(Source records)
---+---
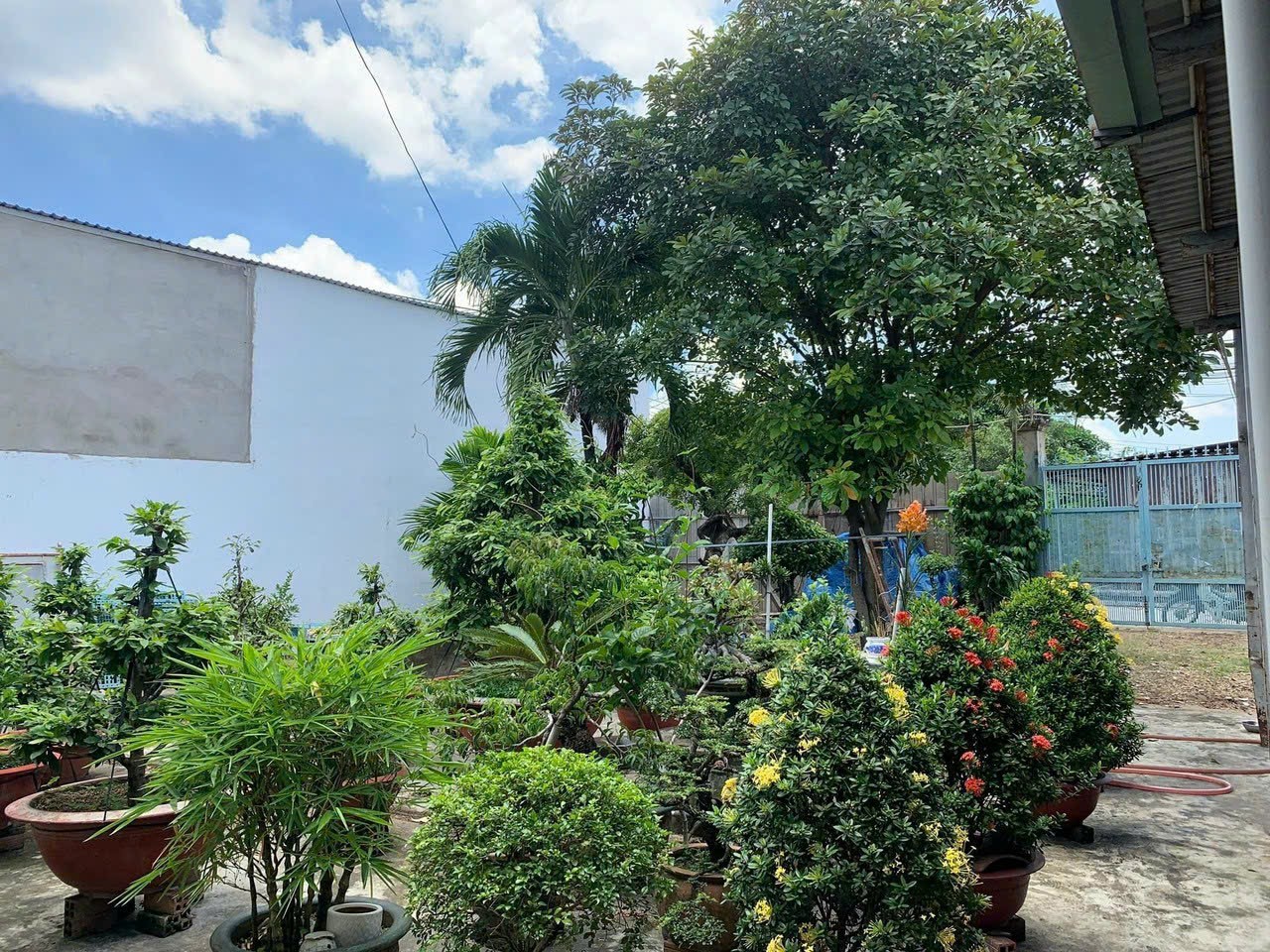 LÔ ĐẤT ĐẸP ĐẶNG THÚC VỊNH ĐÔNG THẠNH-MẶT TIỀN ĐƯỜNG 8M - 400M NHỈNH 7 TỶ. 13862982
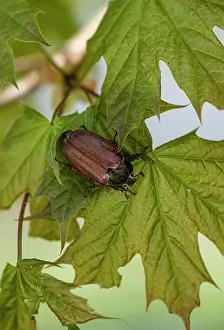 Chafer Beetle Prints: Cockchafer (Melolontha melolontha) resting on a leaf, Slovenia. May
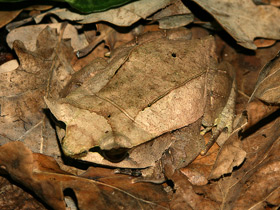 Смотреть фото Носатая рогатая чесночница Фото Носатая рогатая чесночница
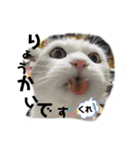 元気なこうめくん（個別スタンプ：8）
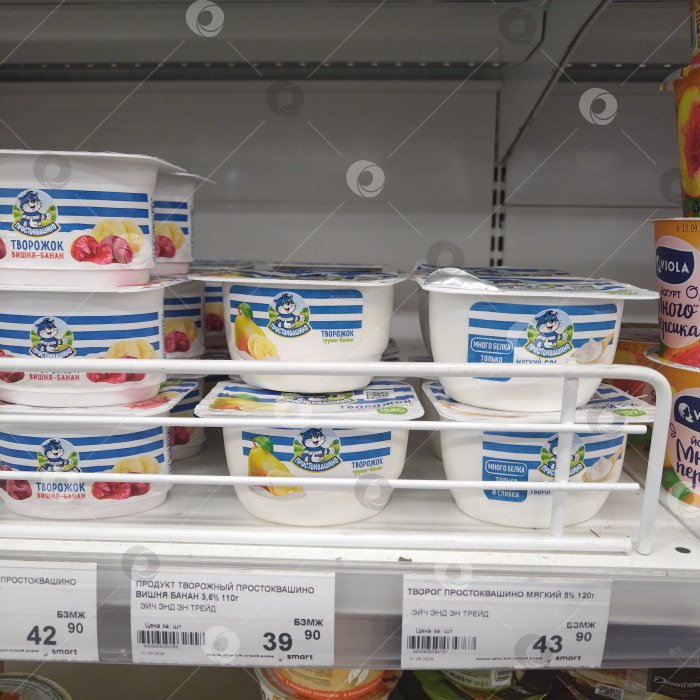 Скачать Он сделал попытку стать "Умным". фотосток Ozero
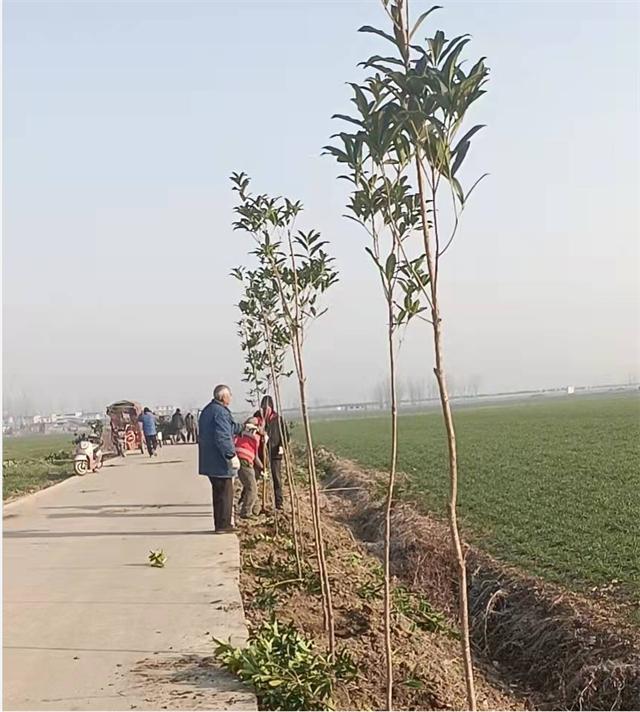 40年桂花树价格多少,桂花亩产利润?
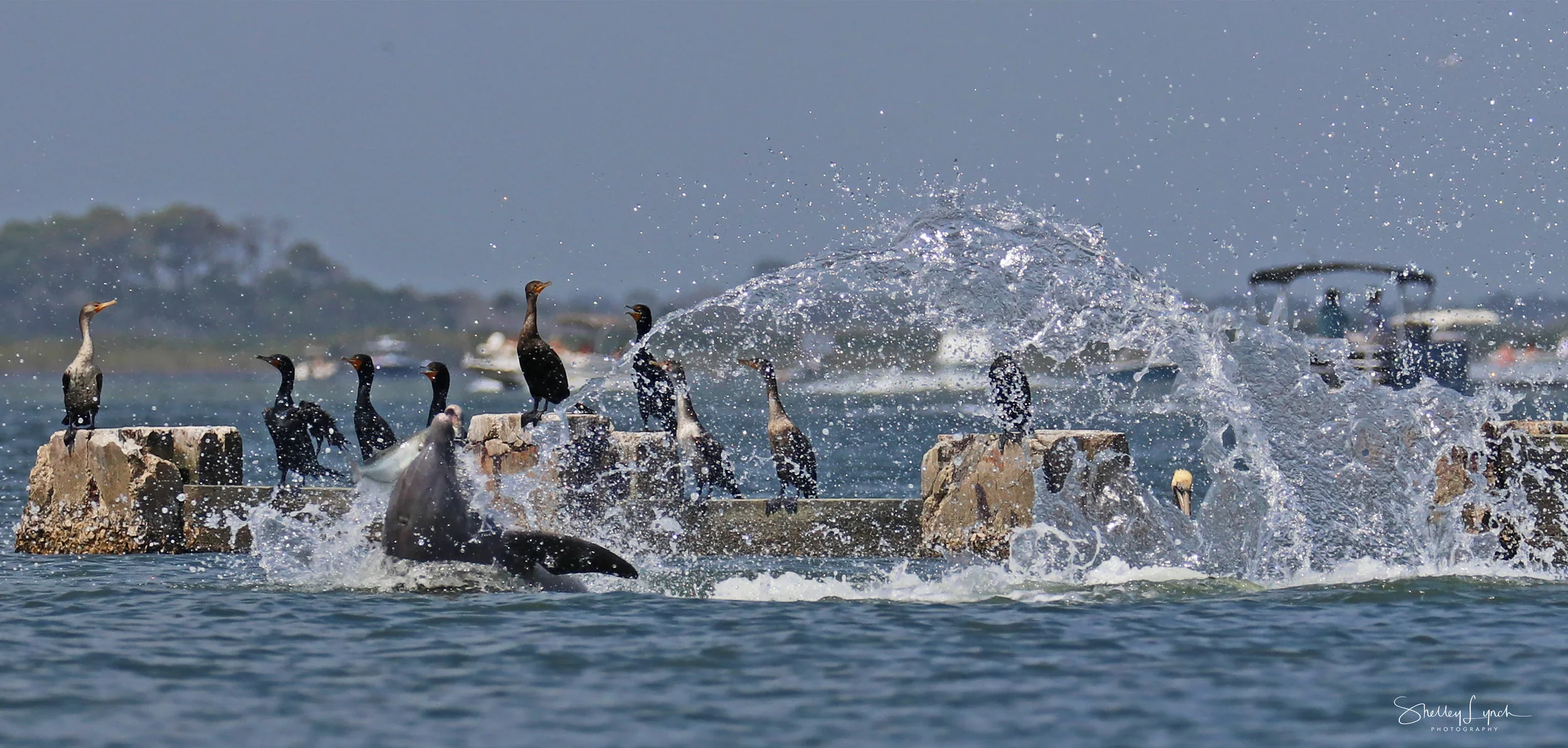 Cormorants hanging in the splash zone.
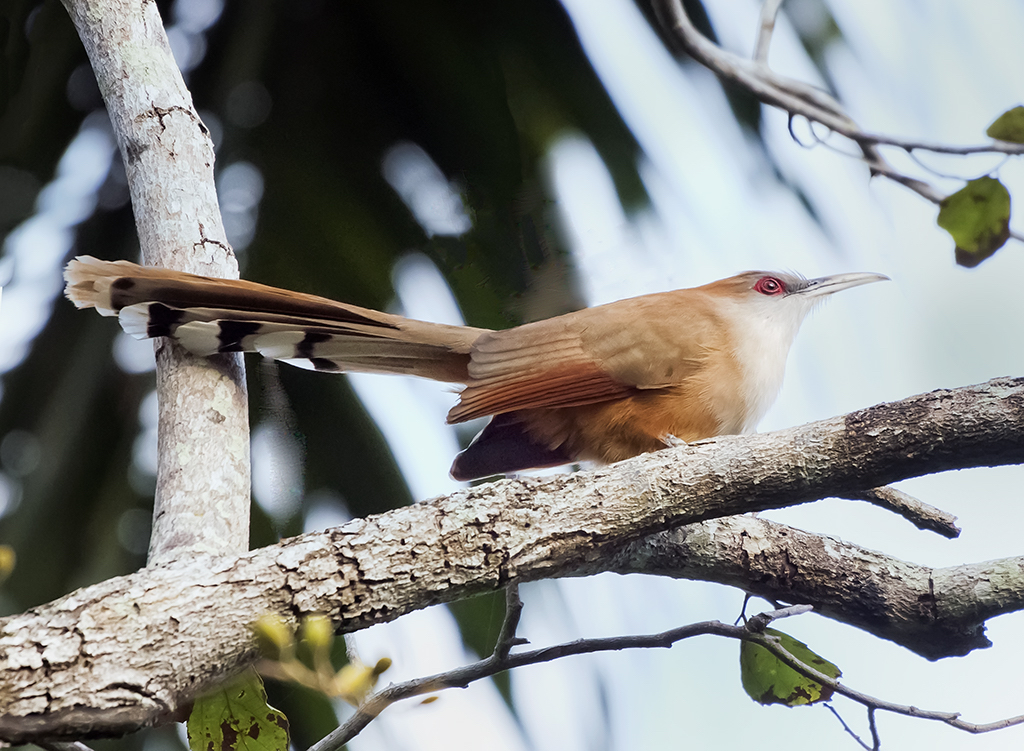 Cuban Lizard Cuckoo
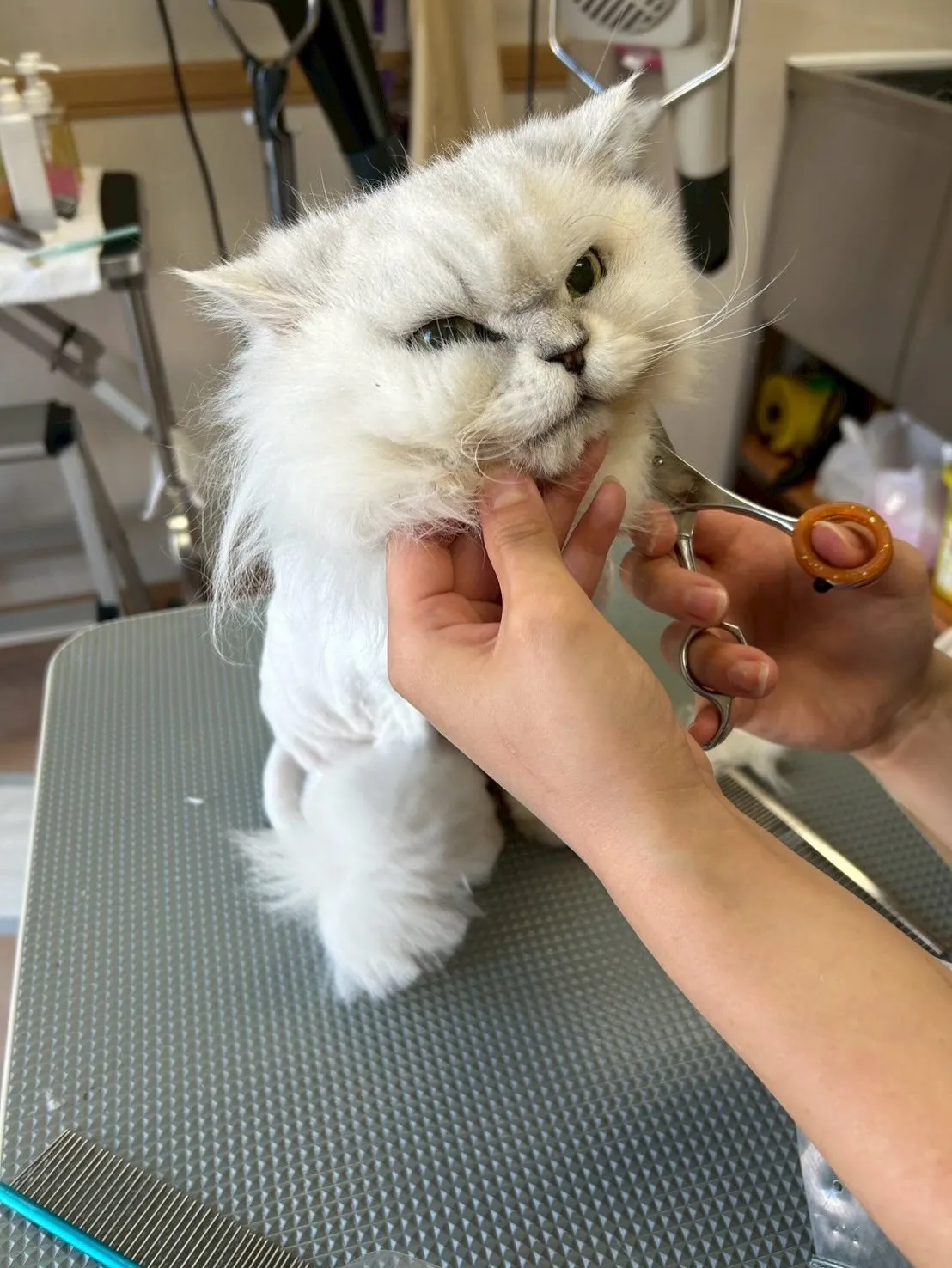 猫のトリミング✂️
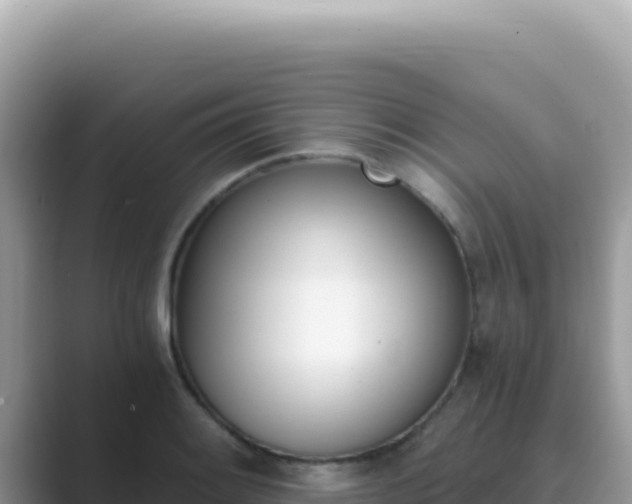 X0000089851084200707051111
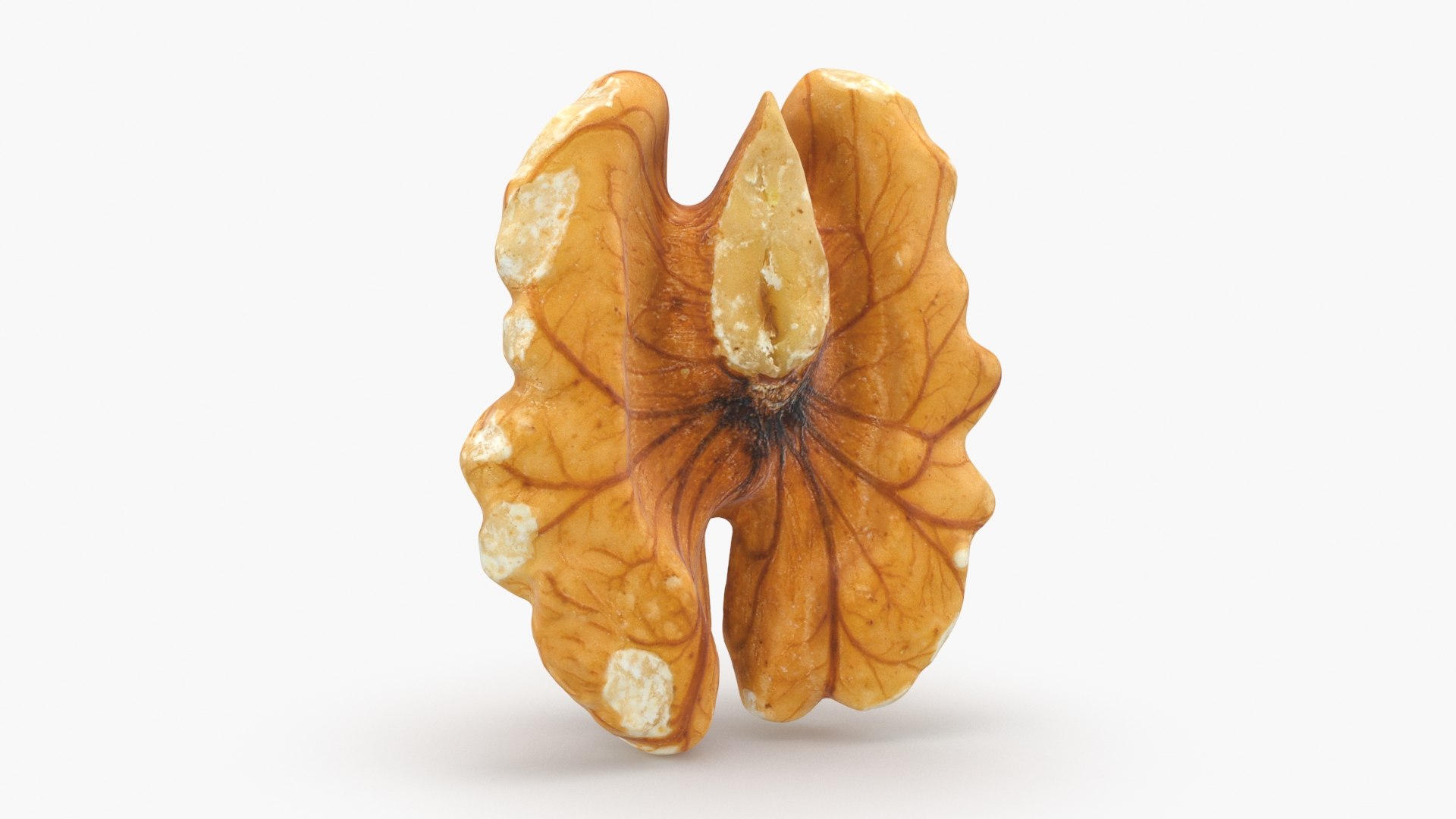 3D Raw Walnut model https://p.turbosquid.com/ts-thumb/wB/4s3Za9/UP/walnut02_b0004/jpg/1659046354/1920x1080/fit_q87/2c987c2e4d7ce597ea0087d61188b9553bf1f8cb/walnut02_b0004.jpg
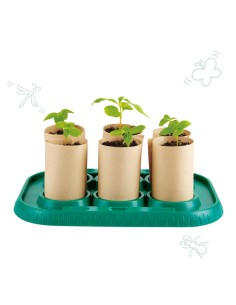 Invernadero de Cultivo de... 2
---+---
Activity:
Output each entry shown above exactly as it stands, with all pictures removed.

Answer space:
 LÔ ĐẤT ĐẸP ĐẶNG THÚC VỊNH ĐÔNG THẠNH-MẶT TIỀN ĐƯỜNG 8M - 400M NHỈNH 7 TỶ. 13862982
 Chafer Beetle Prints: Cockchafer (Melolontha melolontha) resting on a leaf, Slovenia. May
 Смотреть фото Носатая рогатая чесночница Фото Носатая рогатая чесночница
 元気なこうめくん（個別スタンプ：8）
 Скачать Он сделал попытку стать "Умным". фотосток Ozero
 40年桂花树价格多少,桂花亩产利润?
 Cormorants hanging in the splash zone.
 Cuban Lizard Cuckoo
 猫のトリミング✂️
 X0000089851084200707051111
 3D Raw Walnut model https://p.turbosquid.com/ts-thumb/wB/4s3Za9/UP/walnut02_b0004/jpg/1659046354/1920x1080/fit_q87/2c987c2e4d7ce597ea0087d61188b9553bf1f8cb/walnut02_b0004.jpg
 Invernadero de Cultivo de... 2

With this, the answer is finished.